The problem with having narrow skills, like being able to structure CDOs, is that if you lose your job, your employment prospects are limited. Unless you have personal connections that are willing to give you a chance at something where your skills might be distantly relevant (say being the CFO of a small company), most employers, especially large companies, want to hire someone who is already doing precisely what the job calls for. I’ve seen enormously talented senior people (and I don’t mean from Wall Street) unable to land jobs because employers write the job specifications so narrowly.
Recall that in the dot-com bust, those who lost jobs in Silicon Valley faced similarly bleak situations, and stories abounded of principals of failed companies seeking work at the likes of Home Depot.
It is hard to be sympathetic with people who made so much money in the fat years. Nevertheless, naivetee, optimism, peer pressure and (of course) big bucks lead young people to chose these high paying careers and not consider how risky they are. Even though Wall Street’s cyclicality is well known, many assume the cuts will happen to someone else, and if something bad were to happen, they could always find a job on the buy side. They are learning otherwise.
As Bloomberg reports, many former masters of the universe are looking far afield for there next gig:
Wall Street professionals are trying new careers, and fetching smaller salaries, amid the elimination of 76,670 investment jobs in the Americas following the global credit crunch that started a year ago, according to data compiled by Bloomberg.
Bankers are “buying businesses for themselves, moving west or to Europe, including Russia, or to Dubai,” said Jeanne Branthover, managing director of Boyden Global Executive Search in New York. “They’re also moving totally outside what they do, buying a retail store or a ranch.”
“The job market is in the worst, most chaotic state I’ve ever seen it in fixed income,” said Michael Maloney, who recruits finance professionals for Maloney Inc. in New York. “I’ve been doing this for over 30 years and I’ve never seen anything like this.”
Half the people working in debt sales, trading or research in New York at the beginning of 2007 will have been fired by the end of this year or won’t get a bonus, Maloney estimated.
Jeff Salmon said job jitters prompted him to swap investing in asset-backed securities at Bank of New York Mellon Corp. for keeping the books at a hair salon. He and his wife, Olga, opened a Great Clips franchise in Mercerville, New Jersey, that offers $12 haircuts for both men and women…..
Traders and bankers who leave finance can expect to earn a fraction of what they used to make. Compensation for employees on Wall Street averaged $399,360 in 2007, compared with $62,390 for New York City jobs outside the securities industry, according to the state comptroller’s office…..
Bond salesmen and traders are trying everything from bartending to real-estate sales to make insurance and tuition payments for their families, Maloney said.

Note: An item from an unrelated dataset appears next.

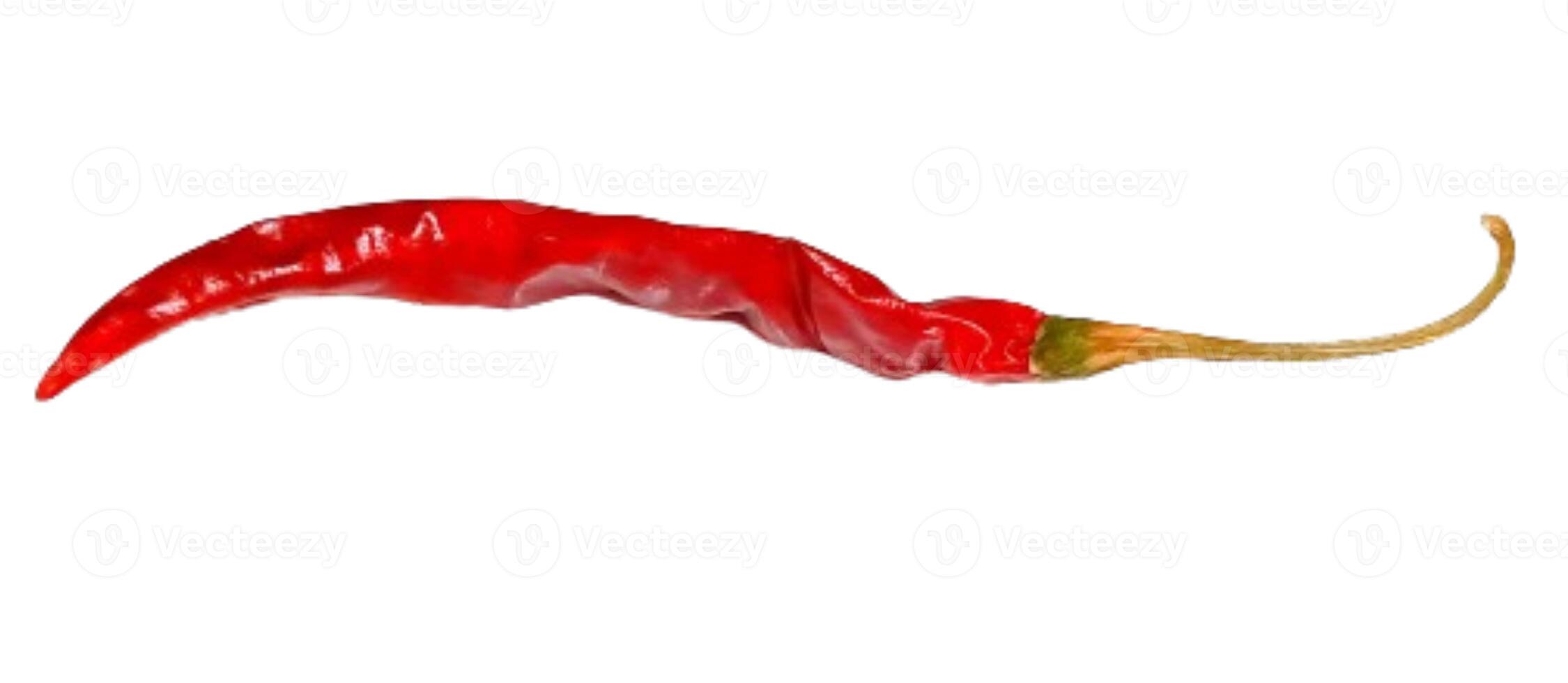 Dry red pepper isolated on white background photo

“I know a few guys that started gambling, playing poker to pay the bills,” he said. “Especially ex-traders.”
Joshua Perksy took to the streets after being laid off as an investment banker at Los Angeles-based Houlihan Lokey. He strolled New York’s Park Avenue in June wearing a sandwich board reading “Experienced MIT Grad For Hire.”
“It’s been slow and frustrating,” said Persky, 48. “The only places to turn are hedge funds and boutique banks. I’ve never been unemployed this long.”
While his gambit generated some job leads, none has panned out so far, Persky said. He’s considering a move to Omaha, Nebraska.